1) First, more generally gods are powerful, and allow people to be more confident in the ontological solidity of their assertions. Conservatism of habit, custom, and tradition, are inchoate and frankly somewhat difficult to defend on rational grounds. I know this very well, because I am personally disposed to just this sort of conservatism. In contrast, Muslims have an entire theory predicated on their primitive deity. Even if you don’t believe in the supernatural you have a hard time denying the internal consistency between their barbarism and their superstition. But the same goes for Ugandan Christians, so why do Muslims seem more prominent in arguments against “universal human rights,” which are admittedly most well developed in the West?

2) Islam differs from other religions insofar as the cultural elites of Islam, Arabs, and in particular Gulf Arabs who feed the modern “Islamic international” money, are a particular regressive and barbaric bunch. By barbaric, I’m not saying they’re savages. Gulf Arabs have a well elucidated and coherent world view. It’s just totally alien to the trajectory of much of the West. Muslims like those in Turkey are pulled between these two extremes, all the while attempting to forge their own vision of how to flourish.

In contrast, barbaric African Christians rely on money from liberal civilized Western Christians, who work at counter-purposes to their regression. The Anglicans of Africa hold to very conservative and “traditionalist” views, but they come for the begging bowl to the gay-friendly, and sometimes gay, clerics of the wealthy West.
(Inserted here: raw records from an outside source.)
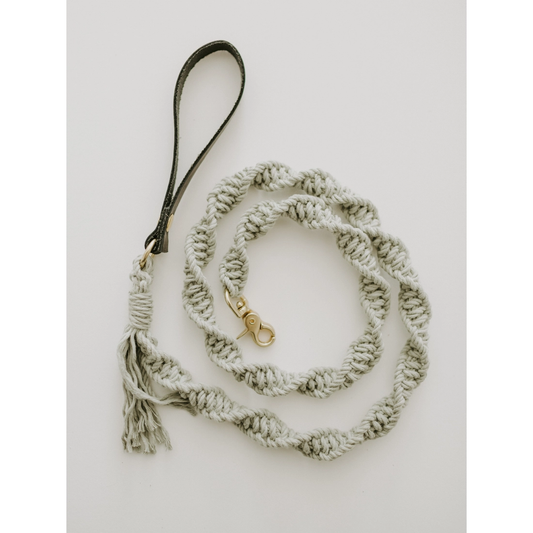 Macrame Dog Leash (Small Dog) - Eucalyptus Rope / Brown Leather Handle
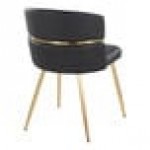 LumiSource Cinch Black Faux Leather High-Back Side Chair with Gold Metal Frame - 2/Case LumiSource Cinch Black Faux Leather High-Back Side Chair with Gold Metal Frame - 2/Case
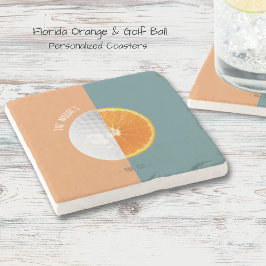 Porta-copo De Pedra Flórida Laranja Golf Ball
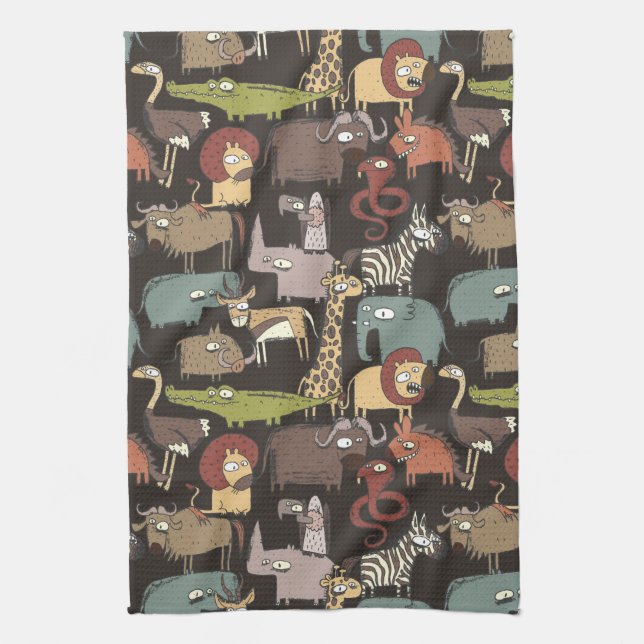Linge De Cuisine Motif africain d'animaux (Vertical)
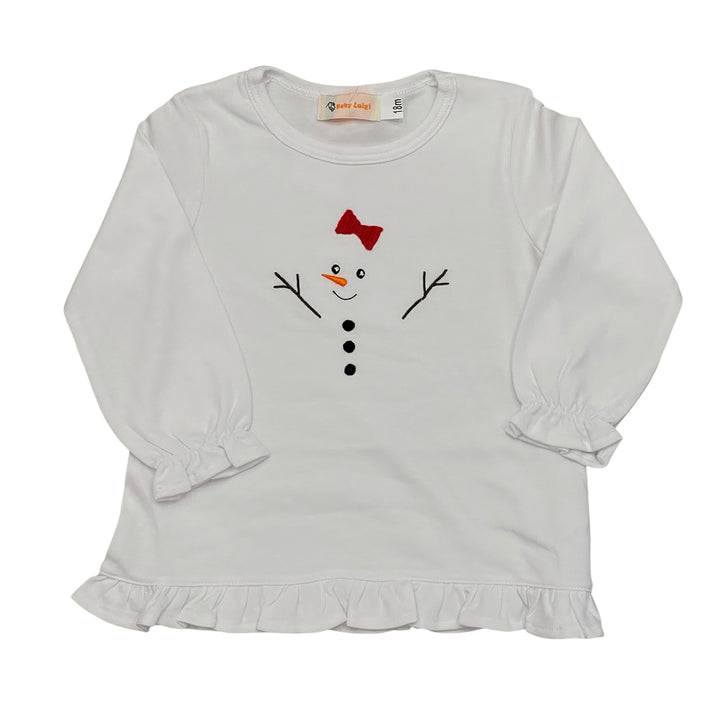 Snowman Ruffle Top by Luigi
This is in sharp contrast to the world of Islam, where Muslims from poor marginal nations are arguably more latitidinarian in inclination than the Islamic heartland.

At the end of the day this structural-demographic problem is why I think the project of “Western Islam” which tears itself away from the cultural presuppositions of the “Islamic world” has major issues. The reality is that the vast majority of the world’s 1 billion+ Muslims have a very alien Weltanschauung from that of the West. I don’t believe there’s anything logically contradictory in being a liberal pro-gay Muslim, to given one example, but such Muslims must confront the reality that the vast majority of their co-religionists would find such viewpoints not only noxious but totally incompatible with the fundamentals of the faith. As an atheist I think such objections are “not even wrong,” I don’t think religion has any fundamentals aside from what man imposes upon it. But if you actually bow down before made up idols and call them living gods in a sincere manner you can’t dismiss the vast majority of your co-religionists so flippantly. So if you’re a pro-gay Muslim trying to preach to your fellow believers of the justice of your position, I think it’s somewhat like convincing a bunch of people with Down Syndrome of the reality of simultaneity. They don’t have basic raw materials at this point to even understand where you’re coming from, it seems so incomprehensible and obscene. If this seems unbelievable, consider that in 1950 a pro-gay argument would probably fall on deaf ears in the West too.

Addendum: Multiculturalism as it is presently constructed tends to given religious viewpoints special consideration, because it rightly acknowledges that perspectives informed by faith are genuinely sincere and heartfelt. Unfortunately I think this allows for the persistence of illiberal and culturally out of sync values among Muslims in places like Europe.